On Jul 14, 2011, at 5:01 PM, Edward Shishkin wrote:
In this case we store a file in parts which are not adjacent
from the standpoint of Cloudfs. That said we need to split
read, and this makes this operation inatomic. This means
that read(2) will return data compound of parts of different
"versions".
Example:
Suppose we have a file F stored in 2 different parts F1 and F2.
Process A writes a file F (to be of version 1);
Process B reads a file F (part F1);
Process C writes a file F (to be of version 2);
Process B reads a file F (part F2);
As the result process B returns data compound of
parts of different versions 1 and 2.
This non-atomicity is different from the non-atomicity that takes
place in the kernel (local file systems): kernel guarantees
that all PAGE_SIZE reads with PAGE_SIZE-aligned offsets are
atomic (this is because reads and writes in kernel acquire
page locks). Whereas, in our case we'll have that F2 doesn't
necessarily have PAGE_SIZE-aligned offset.
That said it can happen that we'll get complaints from users,
who don't expect such non-atomicity.
The users should never see this non-atomicity, so those user
complaints are mythical. All accesses to a physical file on one brick
go through a single translator which can (and should) enforce any
necessary serialization.
Moreover, in the case when
EOBs are HMACs for checking integrity, or authentication we'll
have false positives, as nobody guarantees that versions of HMAC
and respective data block will coincide.
Solution:
In this approach we need to serialize truncates, appending
writes and sequences RbRe (read block, read EOB).
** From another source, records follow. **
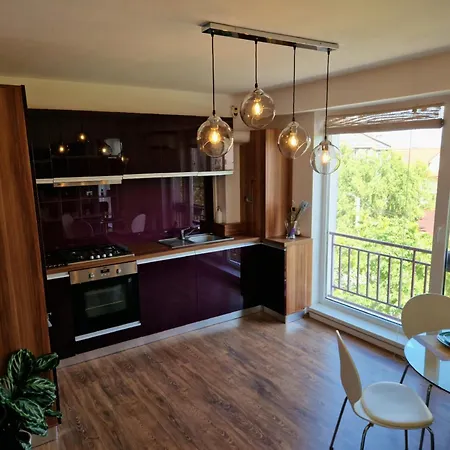 Self Check-in Free Parking Near Metro Stations&bus Westside S6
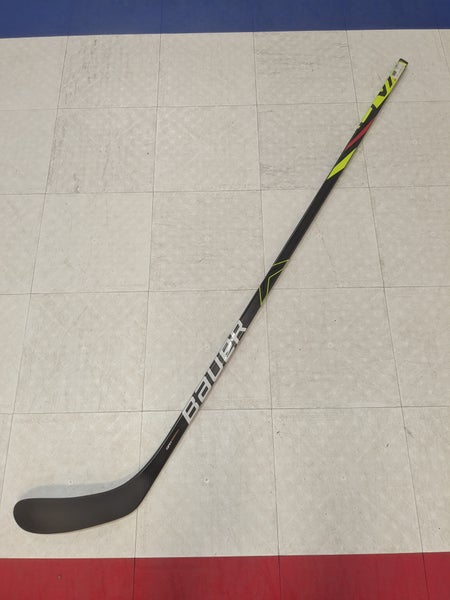Senior Bauer Vapor X2.7 Left Hand Hockey Stick, P28 Curve, 87 Flex, S19 (New)
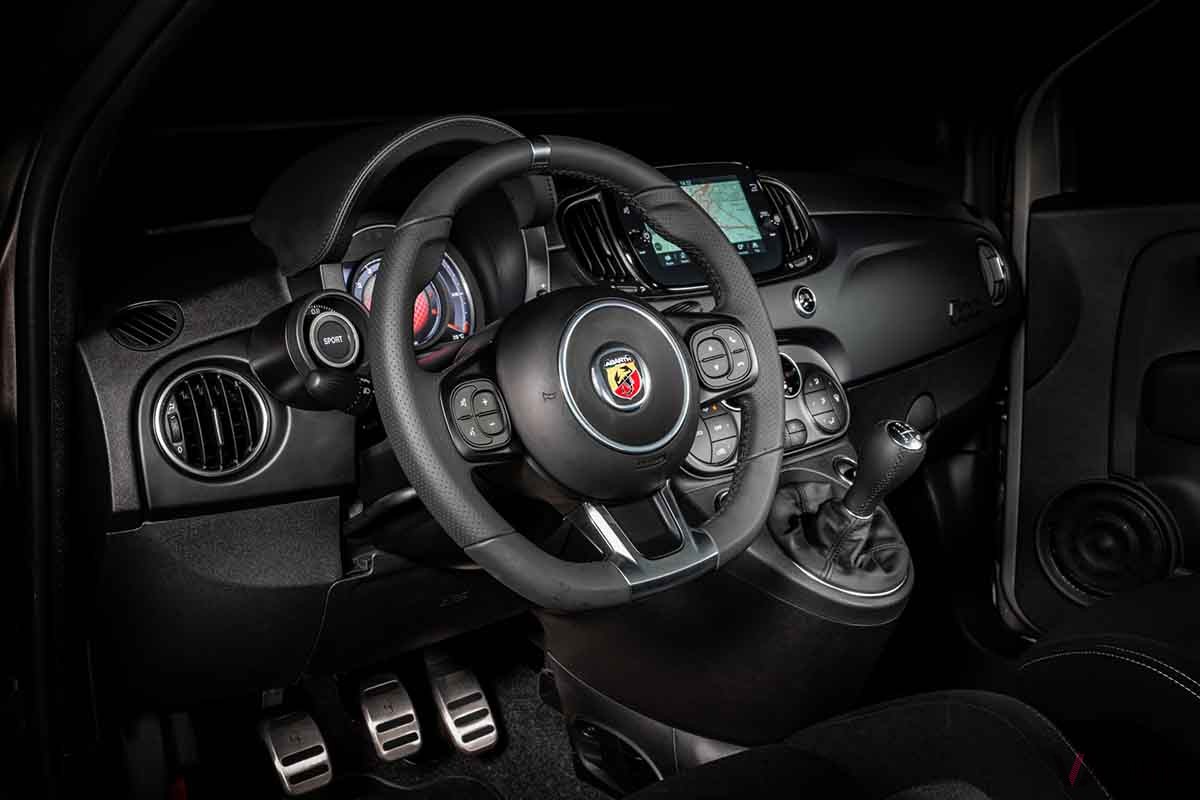 「アバルトF595C」のベース車、アバルトF595のインテリア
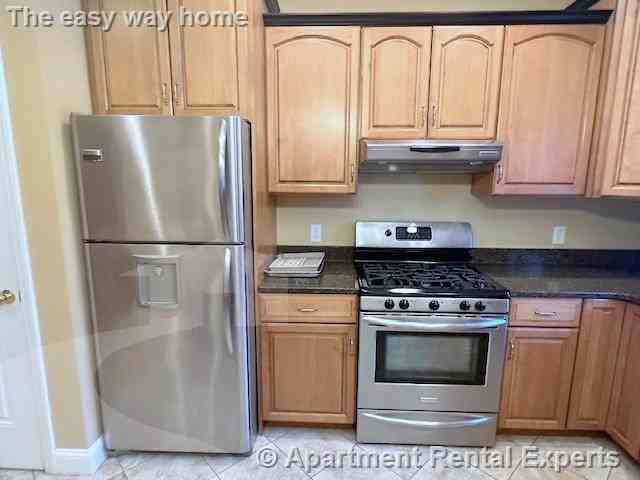 72B Tapley Ave - Photo 2 of 13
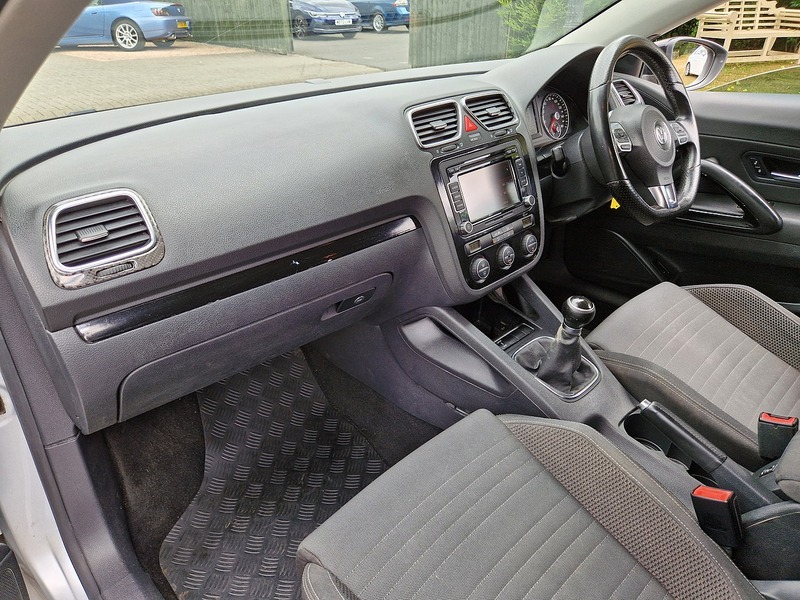 Volkswagen Scirocco TDI GT - U11732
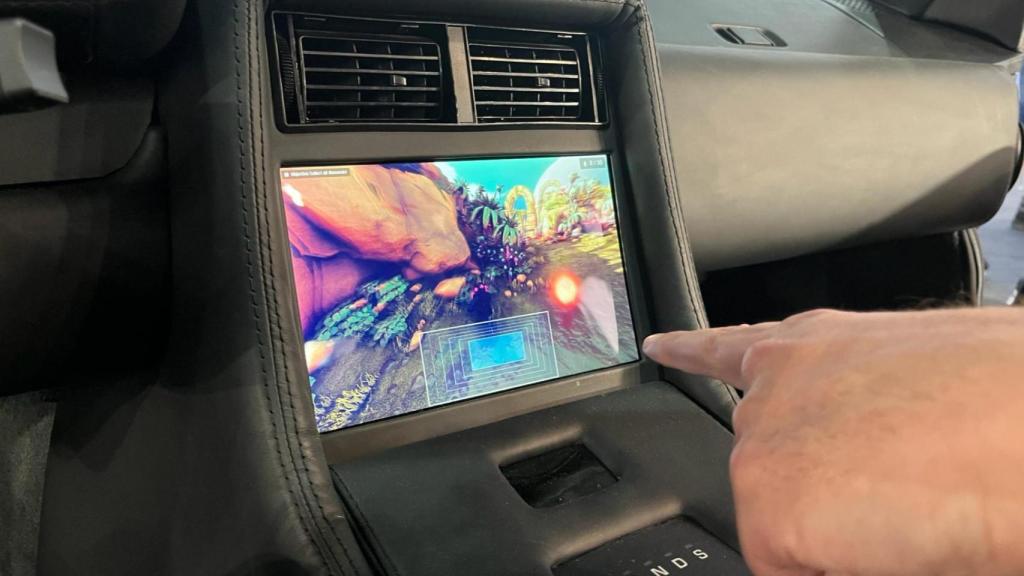 Jugando a un videojuego dentro del primer DeLorean eléctrico del mundo.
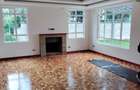 6 Bed House with En Suite at Garden Estate - 9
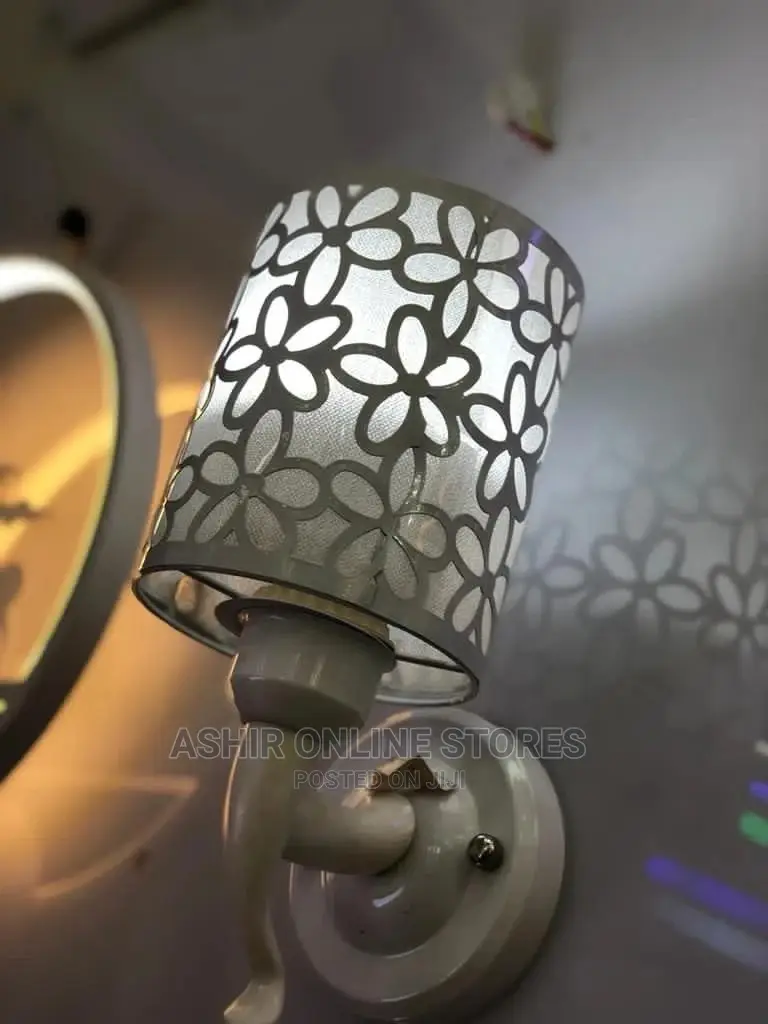 Wall Lights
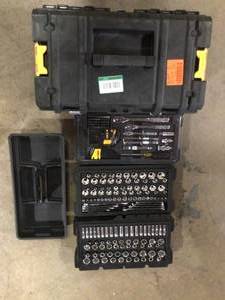 lot 15 image: DEWALT Mechanics Tool Set (226-Piece) with TOUGHSYSTEM 22 in. Medium Tool Box customer return review pictures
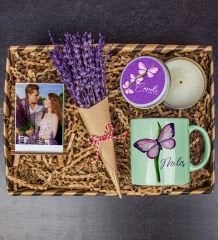 eJOYA Kişiye Özel Kupa & Fotoğraflık & Mum & Lavanta Buketi Hediye Kutusu 111726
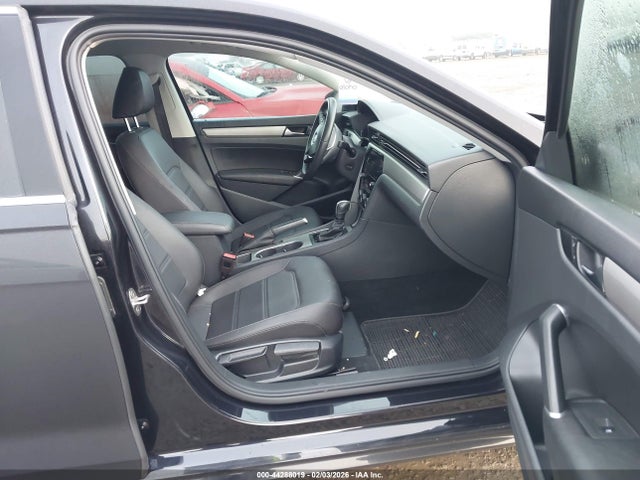 2021 VOLKSWAGEN PASSAT 1VWSA7A36MC006653 Photo 4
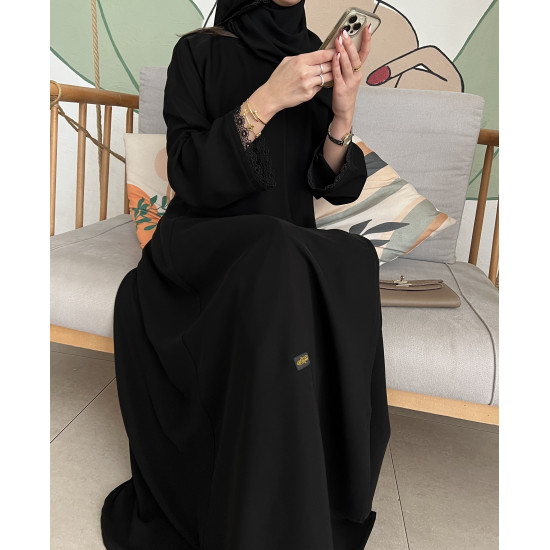 عباية  00571 كريب سواد فاحم بقصة نص كلوش 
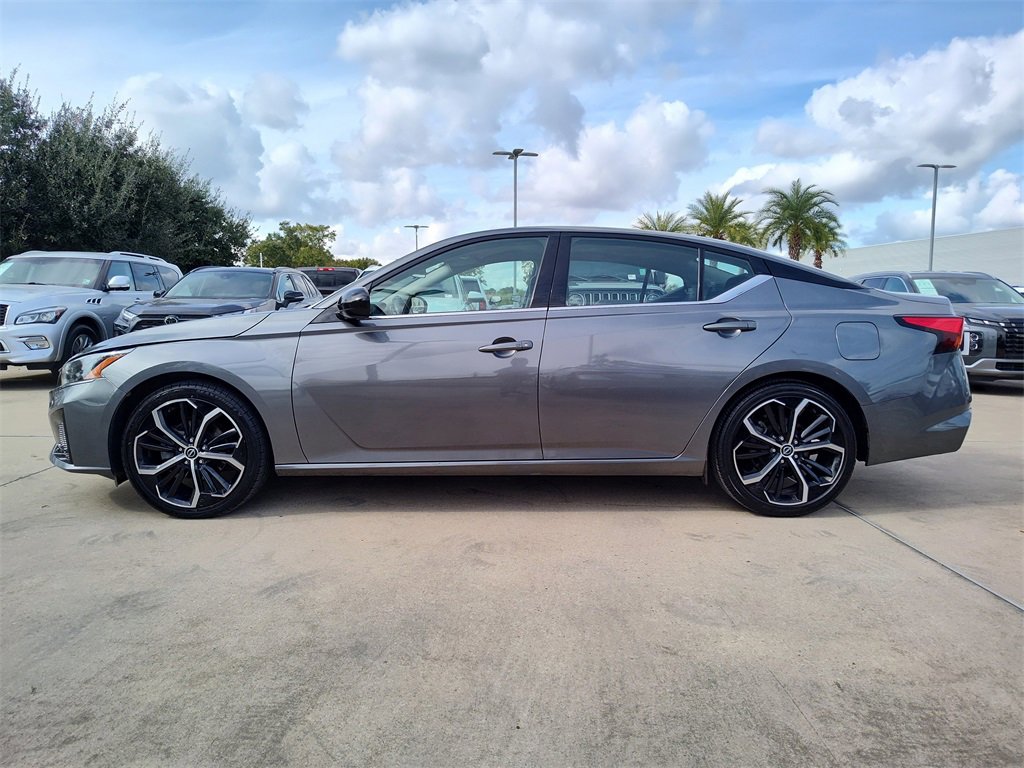 Used 2024 Nissan Altima 2.5 SR image 4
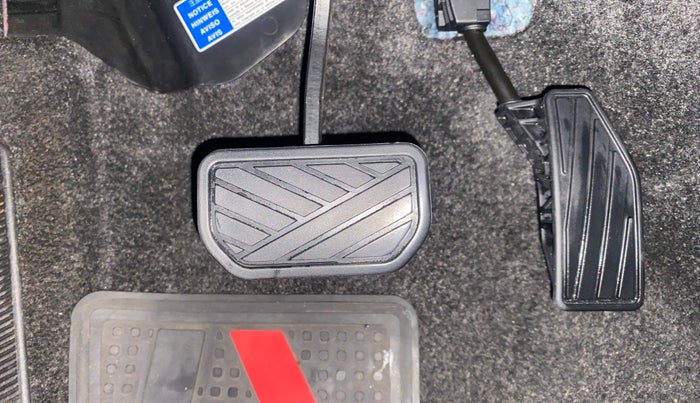 2019 Maruti Swift VXI AMT, Petrol, Automatic, 8,396 km, Pedals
Approach 2: Storing in file's body.
In this case EOBs are stored in file's body (via appending to
a file in the case of EOF, or interspacing a file with HMACs,
etc). So file with his EOBs is the whole from the standpoint
of Cloudfs, and there is no problems with atomicity specific
to Approach 1.
However, in this case all our files maintained by low-level
local fs will have increased sizes (added total size of all EOBs).
So that actual file size must be stored as additional attribute
(e.g. as xattr value).
So we're back to being non-atomic, since the actual write and the
xattr operation to set the EOF marker are separate. Note also that
POSIX does allow partial writes, so we can't really issue the xattr op
until we have the *result* from the write in hand. It does no good to
say that the EOF can be stored in memory, because that would allow the
inconsistency to become persistent in case of a crash. Every time EOF
changes, the change must be recorded persistently. This will happen
for every write that extends the file, in contrast to approach 1 in
which an xattr update is only necessary if the old and/or new EOF is
unaligned.
With HMACs (out of scope for this version of CloudFS anyway) there's
another problem. We can read or write intermingled data and HMACs as
one contiguous extent easily enough, but converting between this form
and the one the user expects will require allocation of a second
buffer and piecemeal copying of pieces from one to the other. That's
not exactly free, even on fast processors, especially when GlusterFS
tends to become CPU-bound on 10GbE or better already. Avoiding seeks
is a noble goal, and this approach might do that for small requests on
a single spinning disk with no caching, but there are other scenarious
- large requests, SSDs, multiple disks, warm/non-volatile caches -
where it would be notably worse than separate data and HMAC areas. We
need to evaluate the effect for different configurations and access
patterns carefully, not just make guesses without evidence. I
strongly suspect that the separate-HMAC approach would actually serve
us better, but even as the project leader I wouldn't presume to treat
my guesses as fact.
->open() method of the high-level translator loads actual
file size to the cloudfs-specific part of inode via fetching
->getxattr(), so that it is persistent in the memory on server.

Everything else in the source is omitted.